### Work request
A faithful copy is required: transcribe each line below exactly, minus the pictures.

### Dataset excerpt
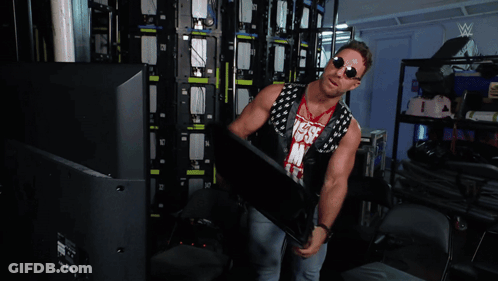 A Man Is Standing In A Room With A Wrestling Logo On The Wall GIF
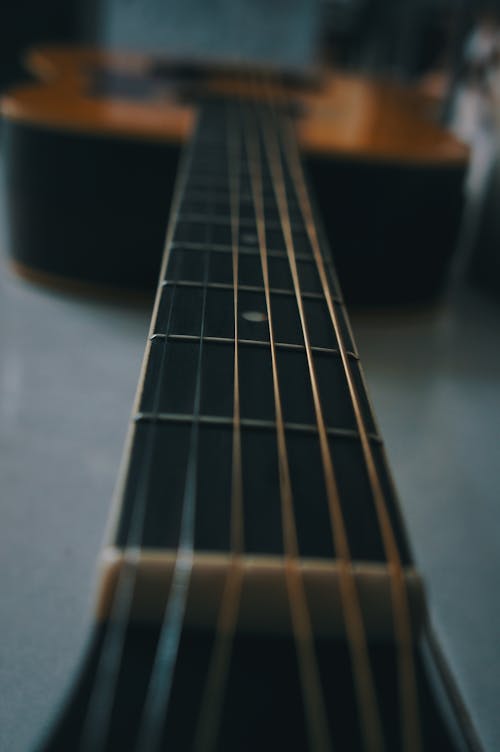 Gratis stockfoto met akoestische gitaar, detailopname, fretboard Stockfoto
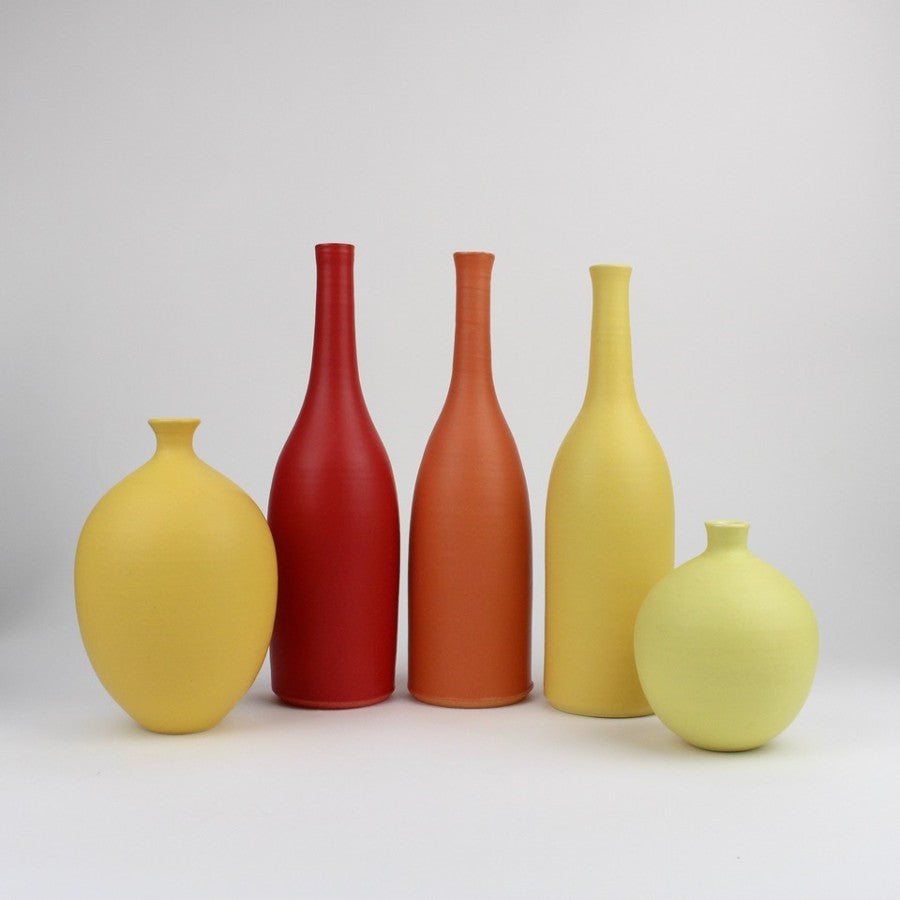 Ceramic pots by Lucy Burley, a selection of different shaped pots in yellow and orange colours. | Contemporary homewares for sale at The Biscuit Factory Newcastle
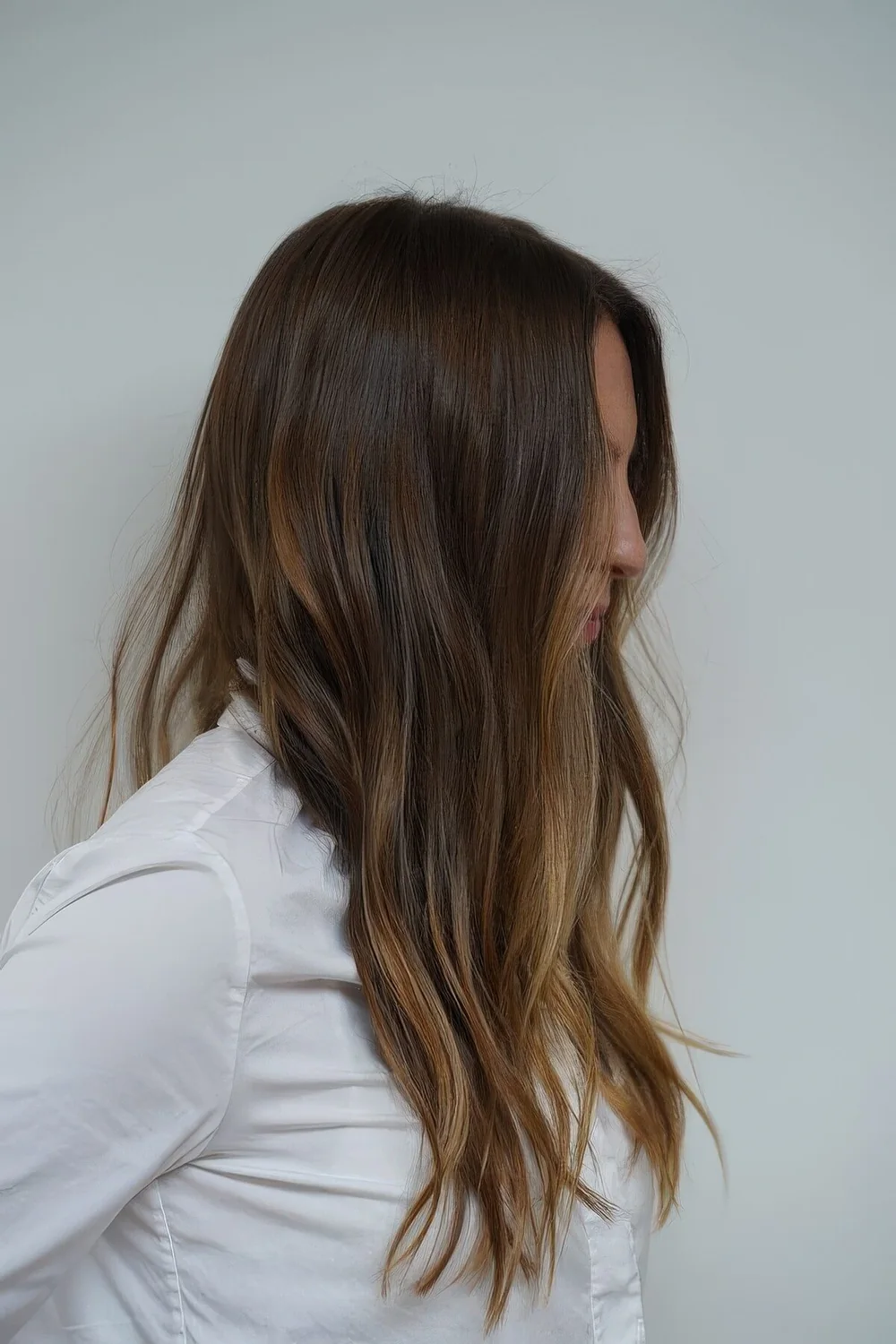 Long dark brunette hair with caramel balayage and slight beach waves.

### Answer area
 A Man Is Standing In A Room With A Wrestling Logo On The Wall GIF
 Gratis stockfoto met akoestische gitaar, detailopname, fretboard Stockfoto
 Ceramic pots by Lucy Burley, a selection of different shaped pots in yellow and orange colours. | Contemporary homewares for sale at The Biscuit Factory Newcastle
 Long dark brunette hair with caramel balayage and slight beach waves.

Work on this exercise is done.